Date of this Version

March 2004


Published in the Journal of Religion & Society 6 (2004), a cross-disciplinary, electronic journal published by the Rabbi Myer and Dorothy Kripke Center for the Study of Religion and Society at Creighton University.


From a special issue on Mel Gibson's The Passion of the Christ:

All contemporary moviegoers are aware of the difficulties of adapting a book, the written word, to film, a medium that relies on visual and aural sensations to convey its meaning. How often do we hear the following comments about a film: “the book was different,” or “the book was better,” or, most damning of all, “they changed the book!” When the book is an ancient book, such as a gospel from the New Testament, the problem is compounded by the fact that the book is for us an alien document. It is alien because it is removed from us by time, by language, by geography, and by ensuing history. All four of the New Testament gospels were written by the end of the first century CE, over nineteen hundred years ago. They were written in Greek, in different parts of the eastern Mediterranean.
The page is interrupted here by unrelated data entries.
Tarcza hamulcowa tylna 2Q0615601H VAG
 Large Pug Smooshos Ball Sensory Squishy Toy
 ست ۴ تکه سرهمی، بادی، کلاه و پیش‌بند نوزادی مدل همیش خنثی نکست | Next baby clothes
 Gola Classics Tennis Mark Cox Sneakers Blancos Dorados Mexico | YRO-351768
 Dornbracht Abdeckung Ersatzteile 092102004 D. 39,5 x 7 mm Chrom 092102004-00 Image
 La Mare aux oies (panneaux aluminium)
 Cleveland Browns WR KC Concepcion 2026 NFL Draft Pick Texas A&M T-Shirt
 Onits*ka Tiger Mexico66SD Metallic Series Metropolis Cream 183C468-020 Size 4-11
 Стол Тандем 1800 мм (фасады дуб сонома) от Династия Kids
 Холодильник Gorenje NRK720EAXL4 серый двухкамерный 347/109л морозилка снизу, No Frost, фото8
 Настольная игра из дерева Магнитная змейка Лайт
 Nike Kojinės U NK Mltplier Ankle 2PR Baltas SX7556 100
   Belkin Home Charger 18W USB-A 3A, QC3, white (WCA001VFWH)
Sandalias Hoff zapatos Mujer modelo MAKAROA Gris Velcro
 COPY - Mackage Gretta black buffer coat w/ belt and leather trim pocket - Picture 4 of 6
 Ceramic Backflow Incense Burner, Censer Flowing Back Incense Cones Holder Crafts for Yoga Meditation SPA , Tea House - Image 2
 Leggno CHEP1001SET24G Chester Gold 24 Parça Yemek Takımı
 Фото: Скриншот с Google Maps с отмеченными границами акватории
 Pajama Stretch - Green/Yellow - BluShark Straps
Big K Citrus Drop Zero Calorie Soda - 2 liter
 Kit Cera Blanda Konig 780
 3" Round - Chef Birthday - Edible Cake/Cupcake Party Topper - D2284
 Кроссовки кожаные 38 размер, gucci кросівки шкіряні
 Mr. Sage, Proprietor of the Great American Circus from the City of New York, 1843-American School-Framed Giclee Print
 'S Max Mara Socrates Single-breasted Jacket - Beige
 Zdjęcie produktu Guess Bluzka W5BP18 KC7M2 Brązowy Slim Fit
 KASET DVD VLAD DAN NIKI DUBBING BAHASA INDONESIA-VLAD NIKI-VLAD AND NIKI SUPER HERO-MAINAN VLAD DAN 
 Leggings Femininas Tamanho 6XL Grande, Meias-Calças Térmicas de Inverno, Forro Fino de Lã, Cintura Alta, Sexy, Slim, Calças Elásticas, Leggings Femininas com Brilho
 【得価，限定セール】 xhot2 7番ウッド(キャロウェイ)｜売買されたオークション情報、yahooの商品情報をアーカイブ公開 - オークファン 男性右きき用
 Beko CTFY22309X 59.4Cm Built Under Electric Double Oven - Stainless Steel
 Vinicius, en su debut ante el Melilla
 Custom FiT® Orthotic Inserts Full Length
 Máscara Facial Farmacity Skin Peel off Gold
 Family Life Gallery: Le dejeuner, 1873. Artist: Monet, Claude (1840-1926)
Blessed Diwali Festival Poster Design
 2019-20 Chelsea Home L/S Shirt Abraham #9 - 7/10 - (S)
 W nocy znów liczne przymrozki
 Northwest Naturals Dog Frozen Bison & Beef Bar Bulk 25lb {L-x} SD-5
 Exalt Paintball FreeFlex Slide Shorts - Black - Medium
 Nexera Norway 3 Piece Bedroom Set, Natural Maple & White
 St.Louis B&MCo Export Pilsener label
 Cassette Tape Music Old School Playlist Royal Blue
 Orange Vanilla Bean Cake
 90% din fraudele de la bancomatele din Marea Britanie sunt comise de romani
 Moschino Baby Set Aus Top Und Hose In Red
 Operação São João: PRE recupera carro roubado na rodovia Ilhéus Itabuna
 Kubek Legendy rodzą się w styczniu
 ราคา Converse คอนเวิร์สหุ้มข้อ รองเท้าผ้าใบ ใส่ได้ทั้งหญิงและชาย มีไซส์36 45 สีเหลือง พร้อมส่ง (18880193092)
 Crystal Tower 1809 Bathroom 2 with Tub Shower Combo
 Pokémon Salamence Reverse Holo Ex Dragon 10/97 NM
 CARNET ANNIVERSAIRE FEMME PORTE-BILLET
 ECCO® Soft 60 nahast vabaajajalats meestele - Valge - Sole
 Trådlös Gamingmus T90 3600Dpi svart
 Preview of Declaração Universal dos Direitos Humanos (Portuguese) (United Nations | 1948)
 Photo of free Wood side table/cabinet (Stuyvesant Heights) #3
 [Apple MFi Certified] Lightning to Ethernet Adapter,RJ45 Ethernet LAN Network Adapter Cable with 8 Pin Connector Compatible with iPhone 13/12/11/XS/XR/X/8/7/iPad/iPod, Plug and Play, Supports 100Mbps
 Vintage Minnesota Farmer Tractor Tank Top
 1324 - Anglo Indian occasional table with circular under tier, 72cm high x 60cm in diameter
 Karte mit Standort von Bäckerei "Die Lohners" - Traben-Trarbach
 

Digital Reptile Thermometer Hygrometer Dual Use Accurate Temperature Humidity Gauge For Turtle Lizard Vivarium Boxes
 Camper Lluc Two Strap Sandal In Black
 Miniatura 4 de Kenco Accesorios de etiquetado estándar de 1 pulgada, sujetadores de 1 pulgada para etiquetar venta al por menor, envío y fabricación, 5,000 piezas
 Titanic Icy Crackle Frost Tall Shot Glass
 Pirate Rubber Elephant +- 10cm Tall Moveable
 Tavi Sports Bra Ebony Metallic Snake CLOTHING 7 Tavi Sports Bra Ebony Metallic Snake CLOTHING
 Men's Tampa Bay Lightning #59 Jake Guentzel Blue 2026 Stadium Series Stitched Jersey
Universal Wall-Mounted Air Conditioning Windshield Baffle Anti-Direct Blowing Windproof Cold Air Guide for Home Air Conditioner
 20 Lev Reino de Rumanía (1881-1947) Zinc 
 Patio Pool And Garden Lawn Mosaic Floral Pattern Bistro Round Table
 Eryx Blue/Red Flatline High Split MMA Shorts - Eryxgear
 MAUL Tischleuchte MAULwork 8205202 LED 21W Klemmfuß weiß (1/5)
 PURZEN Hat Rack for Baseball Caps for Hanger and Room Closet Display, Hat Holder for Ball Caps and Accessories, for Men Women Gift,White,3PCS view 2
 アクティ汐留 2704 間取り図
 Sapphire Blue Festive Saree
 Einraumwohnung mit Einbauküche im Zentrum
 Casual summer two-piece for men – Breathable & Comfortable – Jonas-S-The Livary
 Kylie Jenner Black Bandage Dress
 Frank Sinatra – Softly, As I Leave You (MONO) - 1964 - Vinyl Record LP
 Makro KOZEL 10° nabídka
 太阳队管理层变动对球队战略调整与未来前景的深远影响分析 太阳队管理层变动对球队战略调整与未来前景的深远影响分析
And we tend to read them through the lens of history, a history in which Jews and Christians are separate religious groups, and Christians dominate the western world. So the problems involved in making an “authentic” film from the gospels should be immediately obvious.

I have attempted today to paint a picture of the world of Jesus and his disciples that reflects the variety of the multifaceted communities in which they lived and which they would have encountered. This picture constantly changes and expands as our knowledge base changes and expands; therefore no one source is adequate for portraying a realistic version of the life of Jesus.